§ Task brief: Once you reach the line containing "SEALEY Ratchet Wrench", copy it and every line after it exactly, through the end of the data below.

Entries taken from a collection:

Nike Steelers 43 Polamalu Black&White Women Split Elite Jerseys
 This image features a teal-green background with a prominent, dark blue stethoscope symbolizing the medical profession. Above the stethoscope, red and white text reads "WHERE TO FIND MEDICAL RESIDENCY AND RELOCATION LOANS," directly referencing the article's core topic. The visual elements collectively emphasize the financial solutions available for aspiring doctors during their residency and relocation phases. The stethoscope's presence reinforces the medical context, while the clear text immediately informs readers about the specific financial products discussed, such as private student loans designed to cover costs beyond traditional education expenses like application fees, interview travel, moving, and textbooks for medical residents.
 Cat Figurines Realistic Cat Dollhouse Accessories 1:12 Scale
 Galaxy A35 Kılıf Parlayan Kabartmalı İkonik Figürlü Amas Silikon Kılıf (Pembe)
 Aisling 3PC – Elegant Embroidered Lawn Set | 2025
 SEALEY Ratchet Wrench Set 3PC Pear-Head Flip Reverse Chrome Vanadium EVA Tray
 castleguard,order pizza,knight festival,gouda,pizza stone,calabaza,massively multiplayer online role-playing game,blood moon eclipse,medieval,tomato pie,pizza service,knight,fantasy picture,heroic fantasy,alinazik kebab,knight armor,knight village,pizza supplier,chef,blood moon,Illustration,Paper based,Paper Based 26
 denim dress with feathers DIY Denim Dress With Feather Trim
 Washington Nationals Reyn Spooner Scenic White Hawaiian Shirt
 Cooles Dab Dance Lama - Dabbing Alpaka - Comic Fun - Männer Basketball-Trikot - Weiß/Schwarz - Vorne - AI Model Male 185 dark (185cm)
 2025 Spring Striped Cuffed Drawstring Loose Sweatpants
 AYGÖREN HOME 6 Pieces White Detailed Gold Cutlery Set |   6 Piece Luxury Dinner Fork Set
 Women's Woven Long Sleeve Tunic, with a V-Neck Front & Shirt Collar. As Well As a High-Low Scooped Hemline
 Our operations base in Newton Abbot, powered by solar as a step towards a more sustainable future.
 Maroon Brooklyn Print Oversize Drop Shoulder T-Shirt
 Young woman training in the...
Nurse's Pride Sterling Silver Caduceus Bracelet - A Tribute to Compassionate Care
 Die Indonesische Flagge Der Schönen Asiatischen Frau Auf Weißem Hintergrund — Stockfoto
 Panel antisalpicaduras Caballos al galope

§ Task answer:
 SEALEY Ratchet Wrench Set 3PC Pear-Head Flip Reverse Chrome Vanadium EVA Tray
 castleguard,order pizza,knight festival,gouda,pizza stone,calabaza,massively multiplayer online role-playing game,blood moon eclipse,medieval,tomato pie,pizza service,knight,fantasy picture,heroic fantasy,alinazik kebab,knight armor,knight village,pizza supplier,chef,blood moon,Illustration,Paper based,Paper Based 26
 denim dress with feathers DIY Denim Dress With Feather Trim
 Washington Nationals Reyn Spooner Scenic White Hawaiian Shirt
 Cooles Dab Dance Lama - Dabbing Alpaka - Comic Fun - Männer Basketball-Trikot - Weiß/Schwarz - Vorne - AI Model Male 185 dark (185cm)
 2025 Spring Striped Cuffed Drawstring Loose Sweatpants
 AYGÖREN HOME 6 Pieces White Detailed Gold Cutlery Set |   6 Piece Luxury Dinner Fork Set
 Women's Woven Long Sleeve Tunic, with a V-Neck Front & Shirt Collar. As Well As a High-Low Scooped Hemline
 Our operations base in Newton Abbot, powered by solar as a step towards a more sustainable future.
 Maroon Brooklyn Print Oversize Drop Shoulder T-Shirt
 Young woman training in the...
Nurse's Pride Sterling Silver Caduceus Bracelet - A Tribute to Compassionate Care
 Die Indonesische Flagge Der Schönen Asiatischen Frau Auf Weißem Hintergrund — Stockfoto
 Panel antisalpicaduras Caballos al galope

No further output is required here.